**The problem**. Begin with the first line below and retype each line exactly through the line containing "PERTH MY LA ROCHE". Any pictures are to be left out.

== Task input

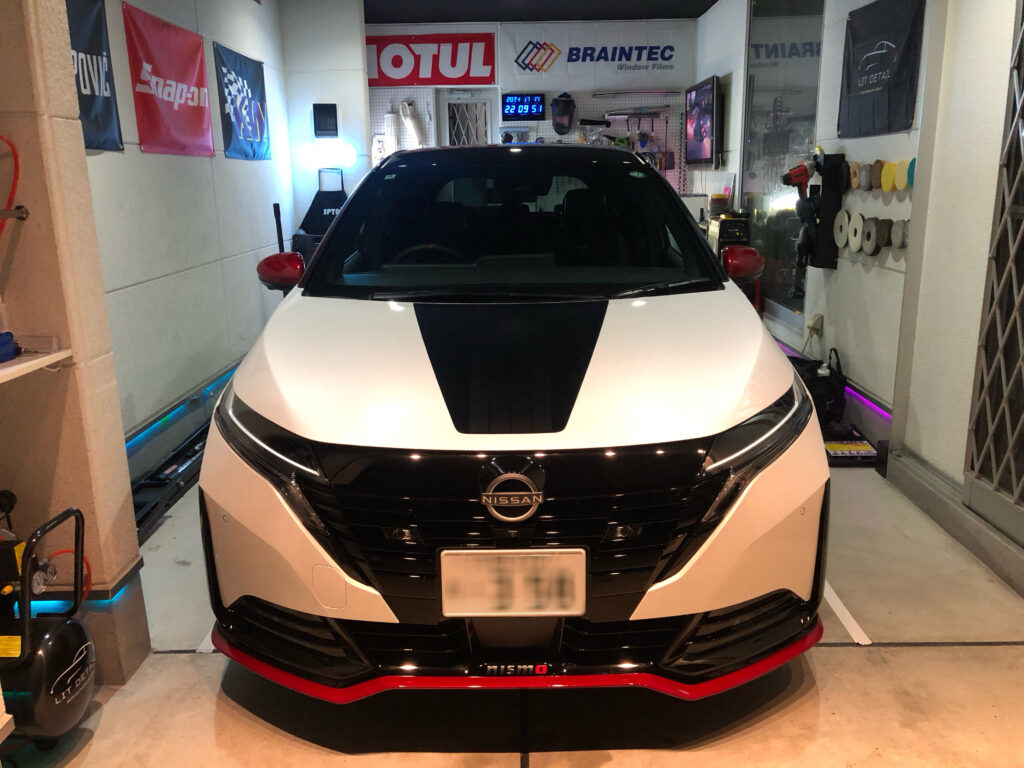 純正ボンネットデカールを施工した日産 オーラNISMO｜大阪・門真 LIT DETAIL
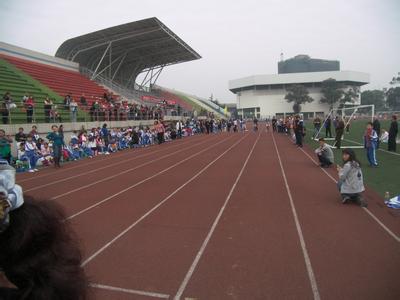 成都理工大學附屬小學圖片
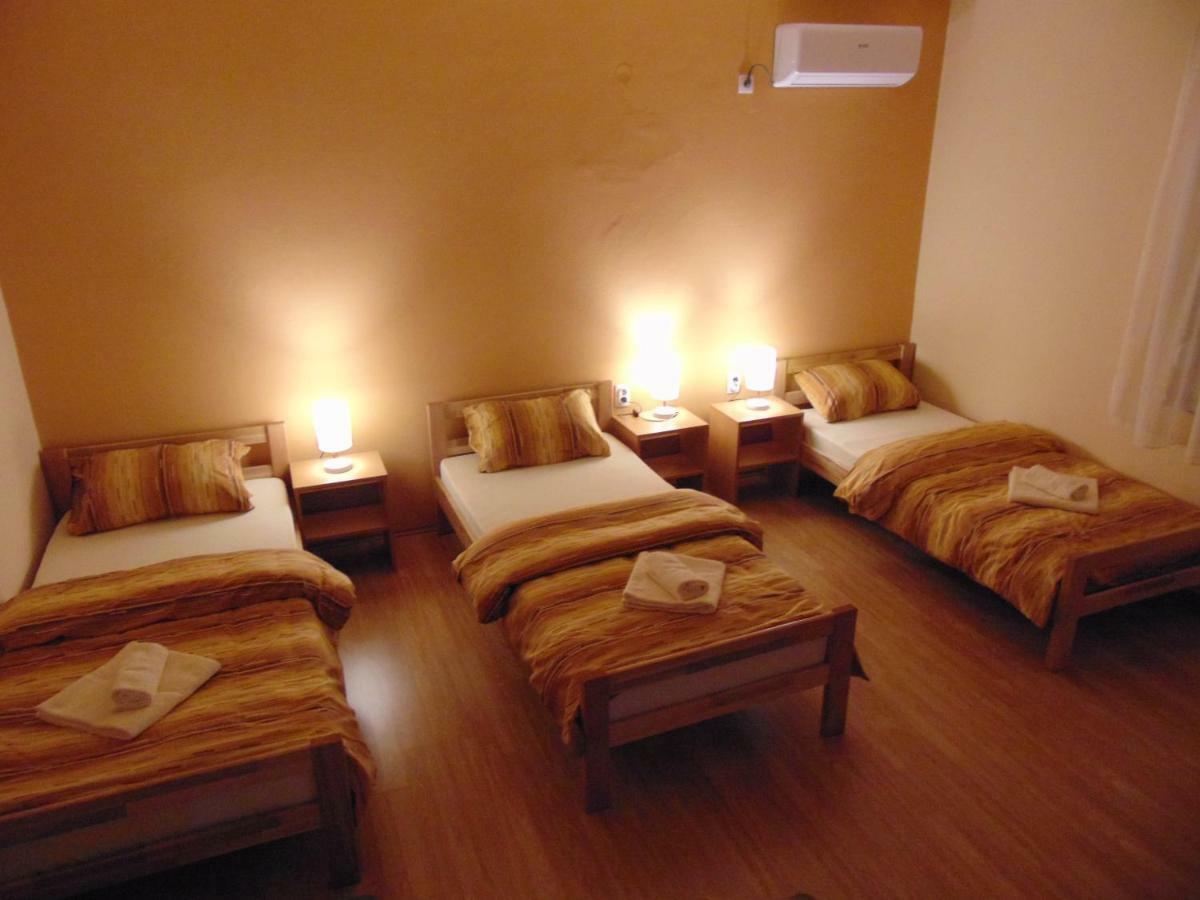 Apartman Fiva Apartment Pacir ภายนอก รูปภาพ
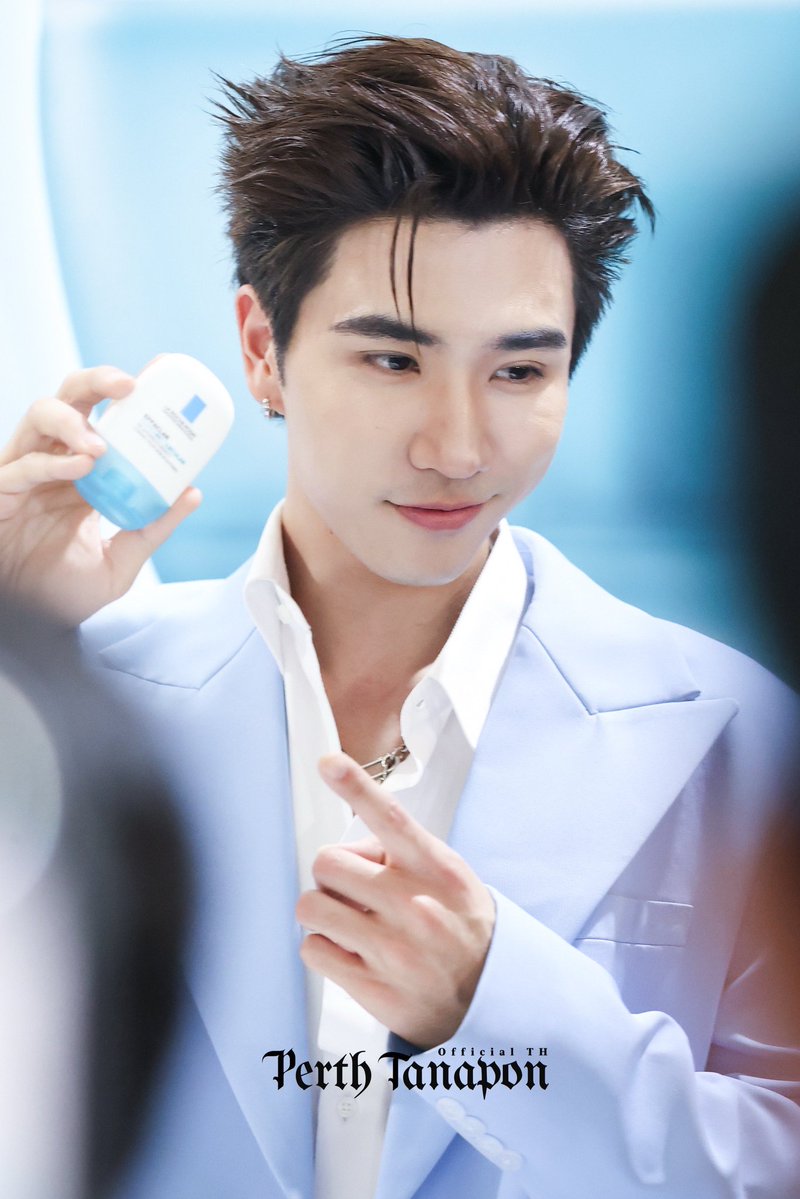 TrendforPerth's tweet photo. Thank you for your countless love for Pedped 🤟🏻🥰🖤
We still have time until 1:45PM. Lets keep going ❤️‍🔥

50K  ✅
100K✅
150K ✅
200K✅ 

PERTH MY LA ROCHE 

#SupraPERTHfectSkin
#PerthTanapon  #KDPPE https://t.co/1YLcy62XdQ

====

**Reply**.
 純正ボンネットデカールを施工した日産 オーラNISMO｜大阪・門真 LIT DETAIL
 成都理工大學附屬小學圖片
 Apartman Fiva Apartment Pacir ภายนอก รูปภาพ
 TrendforPerth's tweet photo. Thank you for your countless love for Pedped 🤟🏻🥰🖤
We still have time until 1:45PM. Lets keep going ❤️‍🔥

50K  ✅
100K✅
150K ✅
200K✅ 

PERTH MY LA ROCHE 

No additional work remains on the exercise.